#### PROBLEM TO WORK ON:
Beginning with the line containing "ハヤブサ(Hayabusa)BS511ショアトローリング フラッシュ弓角 2本入", transcribe every line exactly down to the last one in the records below, and drop the pictures.

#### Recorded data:

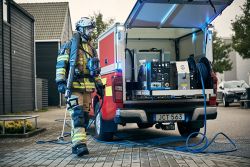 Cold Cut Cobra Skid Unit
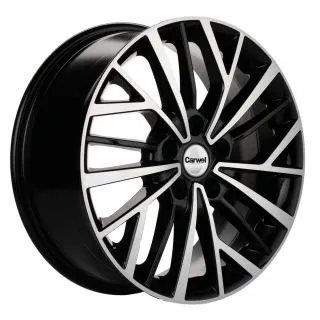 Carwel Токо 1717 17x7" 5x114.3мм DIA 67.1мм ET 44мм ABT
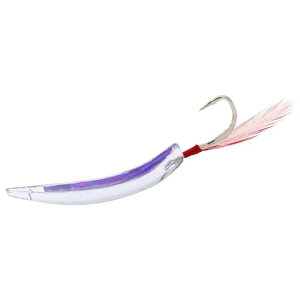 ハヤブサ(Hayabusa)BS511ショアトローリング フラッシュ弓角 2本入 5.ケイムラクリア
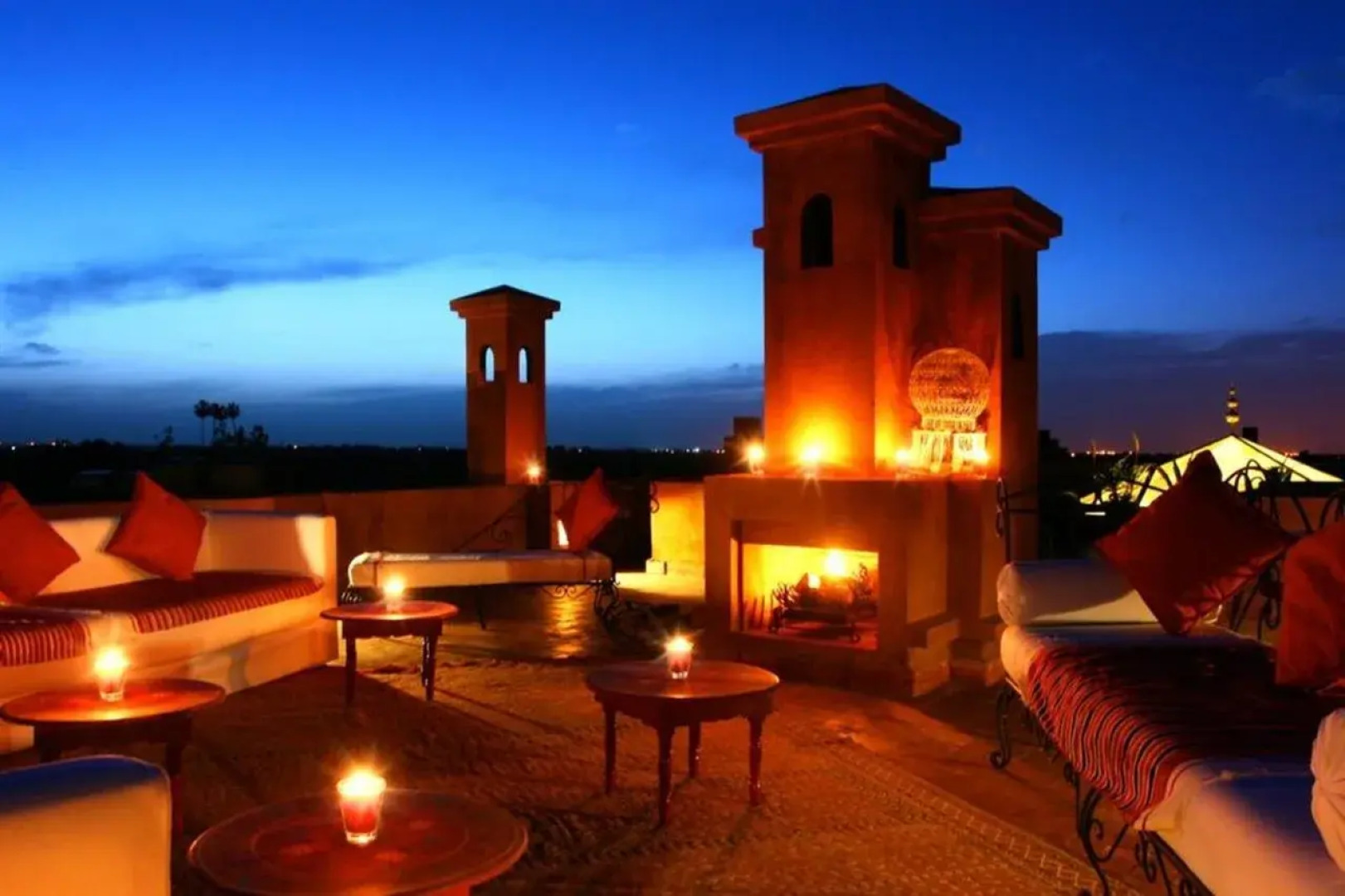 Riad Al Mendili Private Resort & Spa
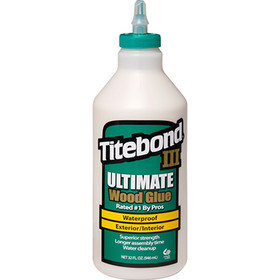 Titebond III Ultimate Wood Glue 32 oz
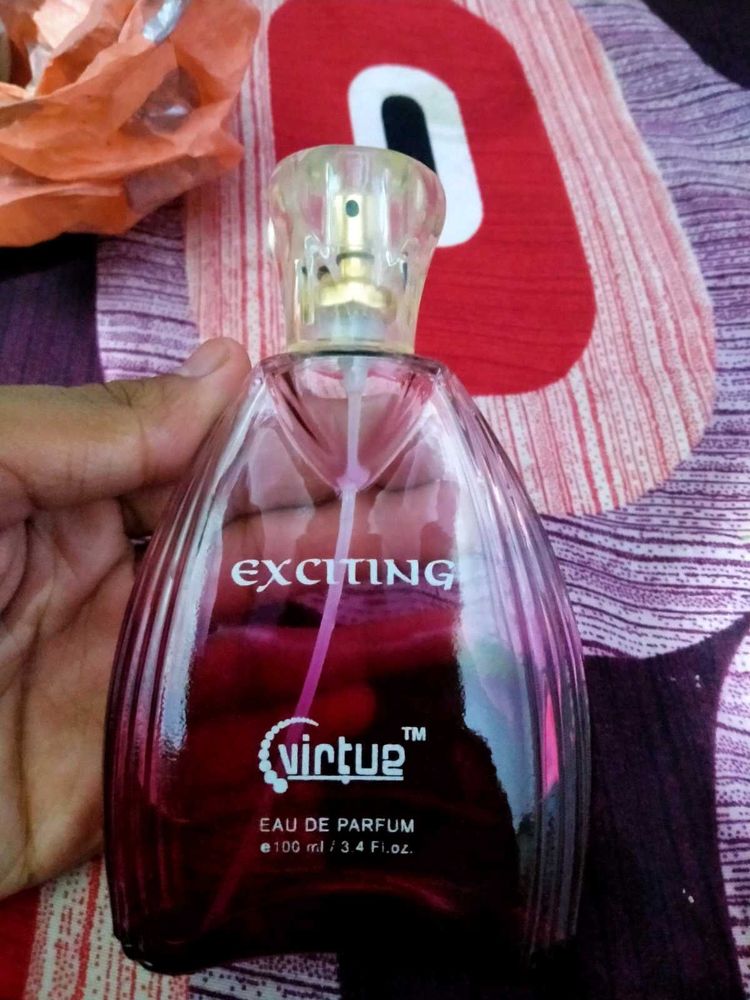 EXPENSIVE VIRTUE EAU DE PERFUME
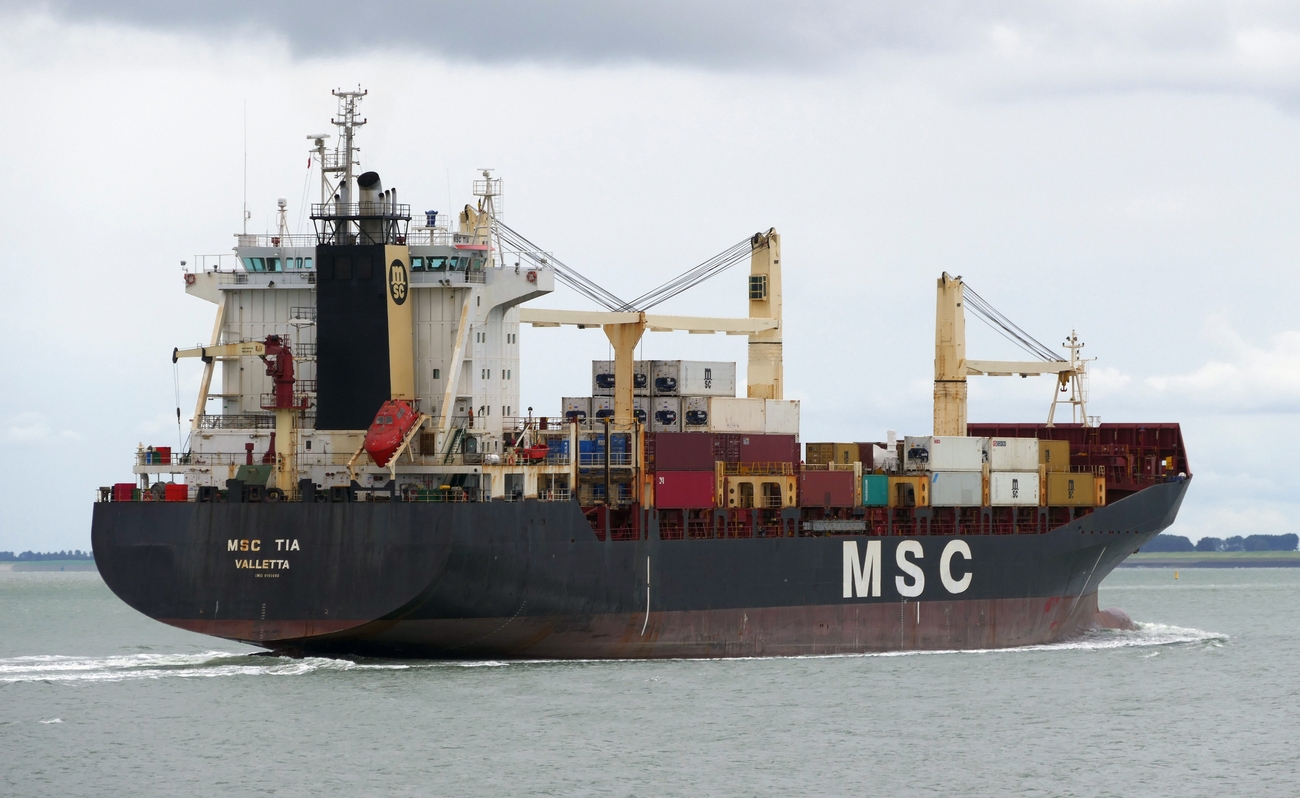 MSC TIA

#### ANSWER BELOW:
 ハヤブサ(Hayabusa)BS511ショアトローリング フラッシュ弓角 2本入 5.ケイムラクリア
 Riad Al Mendili Private Resort & Spa
 Titebond III Ultimate Wood Glue 32 oz
 EXPENSIVE VIRTUE EAU DE PERFUME
 MSC TIA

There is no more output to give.